A lo largo de las horas del final de un día, de la noche y la madrugada y el amanecer, los desterrados vagan por la ciudad sin ninguna otra pretensión que evadirse. Mackenzie los filma sin un aparente objetivo dramático, como si la cámara se limitara a documentar las idas y venidas de sus personajes, mientras se escuchan sus voces monologantes, entre ellas la de una mujer embarazada, Yvonne, a quien su marido Homer deja en casa y decide salir sola al cine. Se ve a sí misma como esposa que atiende a su marido, un hombre de su propia tribu, que posterga la búsqueda de un trabajo, esperando la llegada de la noche para lanzarse al olvido.

Ambos abandonaron la reserva donde nacieron. “Quería encontrar algo diferente, que alguien me hiciera feliz”, se dice a sí misma Yvonne. Como el resto de mujeres de Los exiliados aparece doblemente marginada: como india y como mujer, subordinada a un hombre que solo espera cuidados de ella.

Homer se recuerda en su reserva de Arizona, antes de desplazarse a Los Ángeles, sentado con otros compañeros mientras veían a los turistas que visitaban el lugar y les tomaban fotografías por las que ellos pedían dinero a cambio.
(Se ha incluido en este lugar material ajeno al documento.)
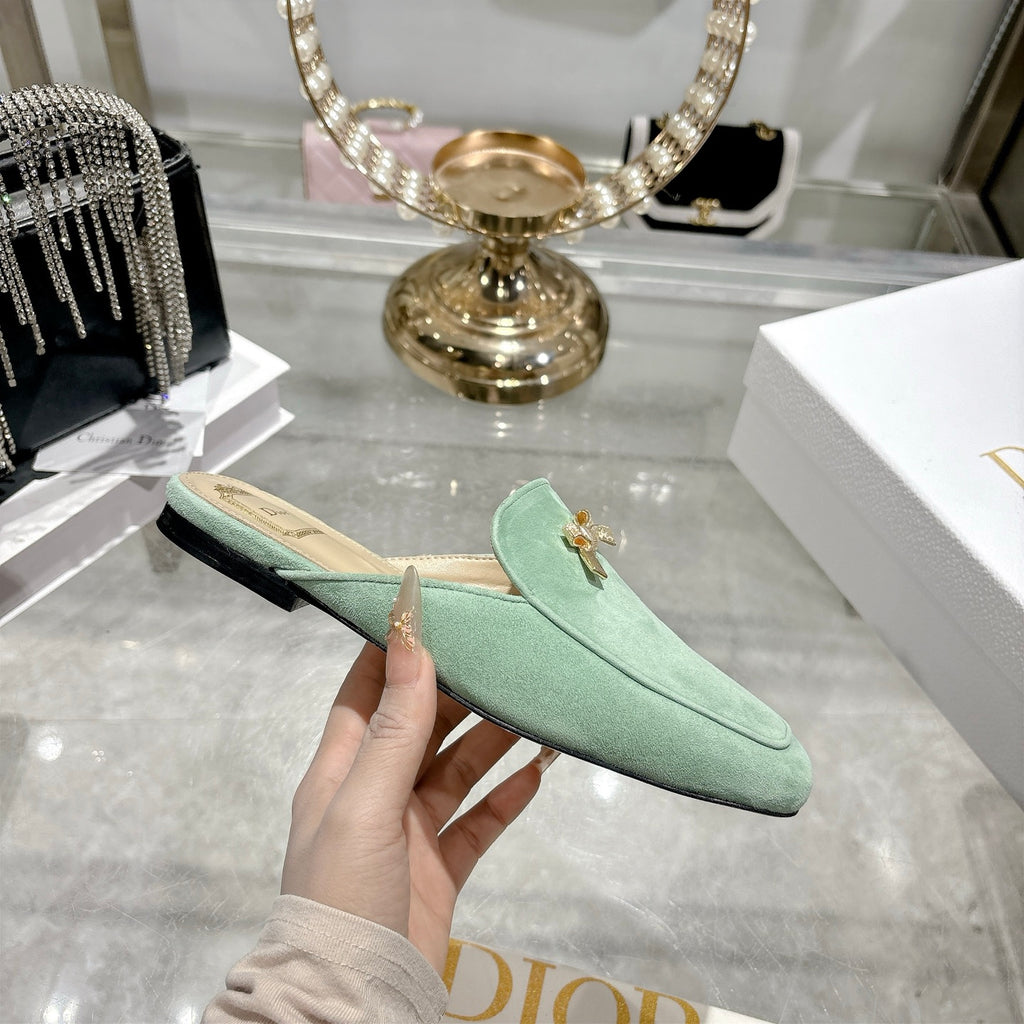 D-Baby Bow Mule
Abandonó los estudios en la escuela pública, se enroló en la Marina y poco después la dejó. Empezó a beber. Se casó. Siguió bebiendo, como hace esa noche junto a uno de sus colegas, Rico, otro hombre casado, que también desatiende a su mujer y a sus hijos. A diferencia de estos, el personaje de Tommy, también bebedor, se ve a sí mismo satisfecho. Le gusta la vida que lleva, la vida nocturna, no la ordenada de la mayoría de la gente. “Yo cuido de mí mismo. Veo que mis días son buenos”, se jacta mientras molesta a las mujeres con las que intenta ligar.

“Estoy feliz en Los Ángeles”, piensa en voz alta Yvonne. Pero no lo muestra su cara ni su actitud. Ella y los demás personajes de Los exiliados deambulan por la ciudad como náufragos en una isla de la que nadie va a rescatarlos. Viven escindidos entre su condición americana nativa y la de los americanos de aluvión que fundieron su propia identidad de origen, europeo fundamentalmente, con la del nuevo territorio y miran a los indios como marginales, cuerpos ya paradójicamente extraños (o incómodos) de la nación.

Algunos críticos señalaron a raíz del estreno de la película la imagen negativa que se desprendía de esos personajes: ebrios, pendencieros, maltratadores, vagos, que vendría a proyectar de nuevo otro estereotipo. Es cierto que la película no pretende redimir a un colectivo masacrado en su propia tierra, ni ajustar cuentas con los masacradores. Mackenzie, según declaró, quería revelar “los complejos problemas de los indios en la ciudad”, y para ello desciende a la intimidad de unas vidas concretas, en conflicto con la marginalidad por la que discurren y las muestra honestamente, sin pudor, sin juicios. Y es esa verdad primaria la que la ha mantenido viva hasta hoy.